Eliminando qualquer teorema ligado à herrenrasse, o mito nazista da raça superior, porque isto habita recantos nebulosos da mente de uma pequena parcela de brasileiros, precisamos buscar respostas e combater os entraves para esta defasagem que se soma a outras questões e nos coloca no topo dos países mais injustos no mundo.
Lógico que boa parte das razões estão flagrantes na nossa história, com quase todos os capítulos construídos no conceito de castas sociais, desde a imigração portuguesa, dividida em nobres e degradados, até a tardia e incompleta abolição da escravidão que, sem suporte ou políticas públicas, tirou negros das senzalas e os jogou no submundo da miséria e da fome, com sequelas que até hoje se reflete em nossa pirâmide de rendas.
Importante frisar que a escolaridade é um dos grandes fatores que move a engrenagem do sucesso social e, sem meias palavras, é fundamental registrar que passamos quase um século usando dinheiro dos impostos para oferecer escolas e universidades públicas para brancos e ricos, na fotografia mais forte da engrenagem tupiniquim que alimentou este abismo entre as raças.
No século passado, brancos eram quase o dobro da população das universidades públicas, número que só iniciou sua redução com as políticas de inclusão do início deste século, que permitiram o crescimento da presença de negros e pardos de 38 para 59% dos universitários, mais próximo dos extratos da população.
Mas ainda temos que ouvir a arrogância racial soltar pérolas como “a universidade precisa ser dos melhores, não faz sentido proteger negros”. Talvez isto fizesse algum sentido se não tivéssemos a mancha histórica de os termos chicoteados e os mantidos limpando latrinas, sem direito a ler ou escrever, por muitas décadas.
Cota social é uma parcela mínima do purgatório da alma brasileira pelo pecado da escravidão.
Para não abusar da tua paciência, não vou me estender para a desigualdade de gêneros, me limitando a afirmar que ser mulher pobre e negra neste país é ser vítima diária da crueldade social de um país que esconde seu preconceito no mito da democracia racial.
Olho para os números do cancelamento múltiplo de CPFs, ocorrido no último 28 de outubro, e as constatações são cristalinas.
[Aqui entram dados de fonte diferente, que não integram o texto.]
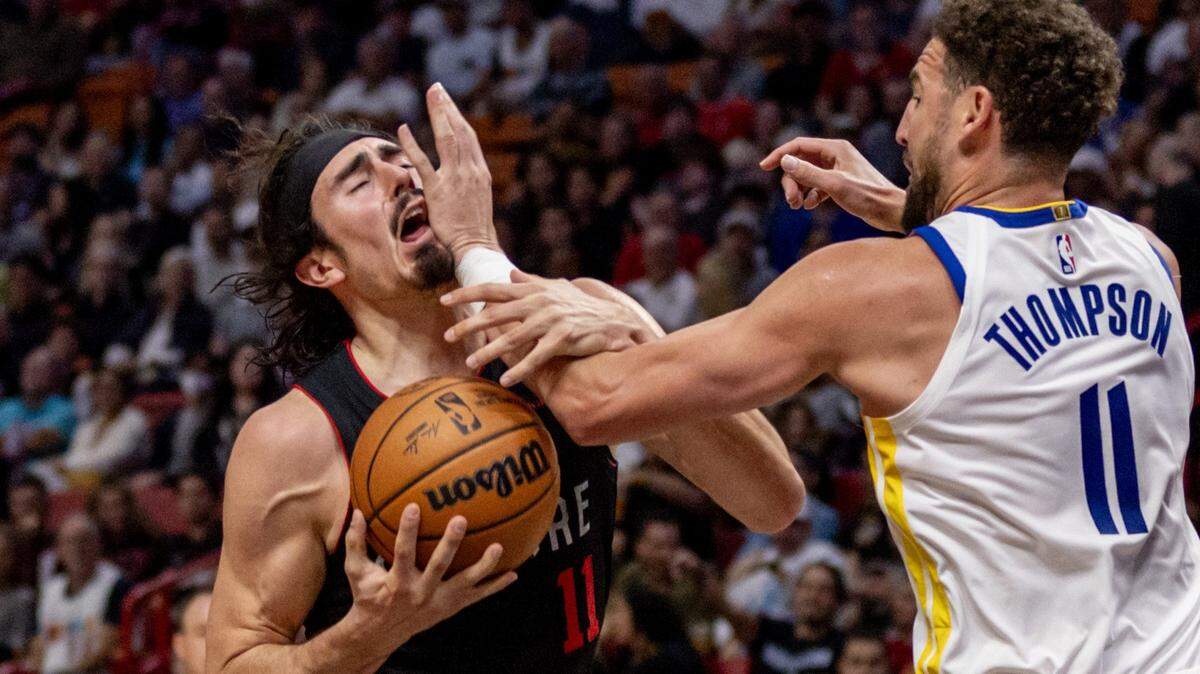 El jugador del Heat Jaime Jáquez Jr. (izq.) recibe una falta de Klay Thompson, de los Warriors de Golden State, en el partido celebrado el 26 de marzo de 2024 en Miami.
Sim, eram bandidos, quase todos com extensa ficha policial, e quase todos negros ou pardos!
Exceto por uma recaída moral inaceitável, prefiro recorrer à Jean- Jaques Rousseau e sua teoria do bom selvagem, “O homem nasce bom, e a sociedade o corrompe", com uma pequena correção porque enxergo que as oportunidades é que apontam para os bons caminhos.
O desalento, a ignorância, ou talvez apenas a baixa escolaridade, a falta de horizontes, de empregos dignos, de salário decente é que os empurra para a marginalidade.
Não existe “alma negra”, presente no imaginário surreal de uma parcela dos brasileiros. É a injustiça social que constrói a desigualdade dos números entre negros e brancos em mais este massacre, como foi em todos os anteriores.
Antes de arrotar sua superioridade racial, limpar sua consciência exibindo alguns poucos amigos negros como troféu, conte quantos são os não brancos no escritório de sua empresa, no seu clube social, no convívio familiar ou no churrasco do fim de semana.
Certamente poucos, como mostram as estatísticas, porque uma boa parcela deles está na luta pelo prato de comida do almoço de amanhã e lutando para não ser a vítima da próxima faxina social.